0
votes

I frequently have factor variables with long text as levels (e.g. responses in a survey: "I strongly agree with the statement" could be one level). If I want to subset based on the factor variable it is annoying to always type the complete level. I would rather have an overview of the mapping from underlying integer to level and access based on this integer.

set.seed(1896)
df <- data.frame(y = runif(100, 0, 10000), x = factor(rep(c("I strongly agree", "I agree", "I disagree", "I strongly disagree"), 25)))
mean(df$y[df$x == "I strongly agree"])

It is possible to get the same result by accessing the underlying integer via:

mean(df$y[as.integer(df$x) == 3])

I have two related questions: 1) Is there a better/safer way of doing this? In Stata with values and value labels, it is possible to access either the label or the value directly, does something similar exist in R? 2) Is there a way to quickly see a table with the mapping from integer to factor level in R? A command that would give me such a table: 1 - "I agree"; 2 - "I disagree"; 3 - "I strongly agree"; 4 - "I strongly disagree"?

Thanks in advance!

1
For (2) what about just: levels(df$x)? - Dominic van Essen
...or as a more 'table'-like output: data.frame(levels(df$x)) - Dominic van Essen

1 Answers

2
votes

Not very sure about your question as I have never used Stata. The most important step is the factoring part. By default the levels are sorted alphabetically.

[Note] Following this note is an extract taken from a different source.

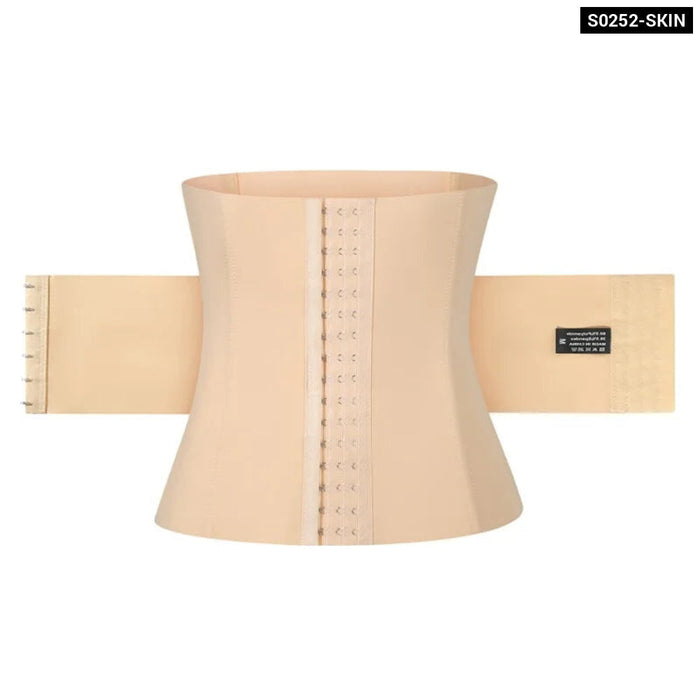 Breathable Slimming Corset For a Flat Belly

df = data.frame(y = runif(100, 0, 10000), x = rep(c("I strongly agree", "I agree", "I disagree", "I strongly disagree"), 25))

levels(df$x)
[1] "I agree"             "I disagree"          "I strongly agree"   
[4] "I strongly disagree"

To be safe, I guess you mean defining the same levels for each dataset. So you can do:

lvls = c("I strongly agree", "I agree", "I disagree", "I strongly disagree")
df$x = factor(df$x,levels=lvl)

levels(df$x)
[1] "I strongly agree"    "I agree"             "I disagree"         
[4] "I strongly disagree"

So for table, maybe something like:

data.frame(num = 1:length(lvl),lvl)
  num                 lvl
1  1    I strongly agree
2  2             I agree
3  3          I disagree
4  4 I strongly disagree

And you can subset using:

df[df$x==lvl[1],]

Or:

df[df$x==levels(df$x)[1],]